This is a continuation of a test of the following lenses on the Sony a7RII:
- Zeiss 85mm f/1.8 Batis.
- Zeiss 85mm f/1.4 Otus.
- Leica 90mm f/2 Apo Summicron-M ASPH.
- AF-S Nikkor 85mm f/1.4 G.
- Sony 90mm f/2.8 FE Macro.
The test starts here.
It is a widely-held belief that lenses have subtle differences in their color rendition that can’t be corrected for in post processing. I’ve never been a believer myself, but I’ll be doing a little testing fo the color differences among our five teles.
I photographed a Macbeth ColorChecker with the five lenses all set to f/8, (I had to guess with the Nikon, since it’s a G lens; I used the histogram.
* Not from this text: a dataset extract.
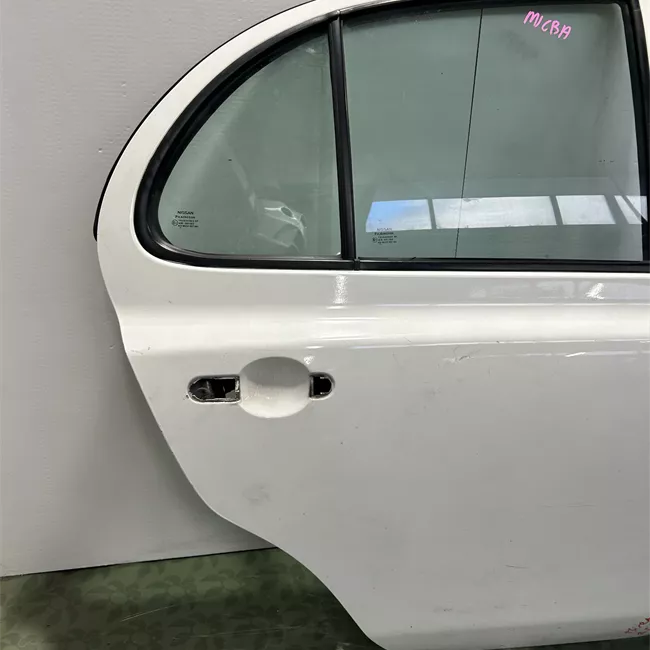 Porta posteriore destra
The shutter speed was 1/50 for all the shots, and the ISO setting was 100, so differences in transmission among the lenses will show up as brightness variations.
Lighting was two Westcott LED panels set to D50. For this first test, the files were developed in Lr CC 2015.4, with default settings, except that WB for all was set to the third gray patch from the left on the image made with the Batis. Thus any WB differences are not calibrated out.
And now, the same files with each image balanced to the third gray patch from the left.
And now, the files processed as immediately above, but with the exposure control adjusted to even out the readings for that hard-working third gray patch from the right.
A few caveats:
- The images are presented here in sRGB, so the cyan patch, correctly rendered, is out of gamut and should probably be ignored.
- I don’t think that Lr did lens-specific color corrections, but you never know with Lightroom.
To come, DCRAW development, and, what you’ve all been waiting for, numbers and graphs.
Michael Demeyer says
Both of the first two sets say white balance set based on third gray patch from the left. Did you mean something different?
First set: white balance set based on third gray patch from the left of the Batis image.
Second set: white balance set based on third gray patch from the left of each image.
I’ll see if I can make it clearer in the text.
I have always believed that colours in photoshop can be edited to anything. However, without owning every lens or without bringing colour charts, it is difficult to mimic the look of another lens. Often, a reference is needed, and that reference might only apply to one situation. If someone were willing to make colour profiles under various conditions, presets could exist similar to what VSCO has created. I like the look of my Zeiss lens, and while I don’t doubt it is technically possible to mimic with another lens, it is easier for me to just use the Zeiss lens.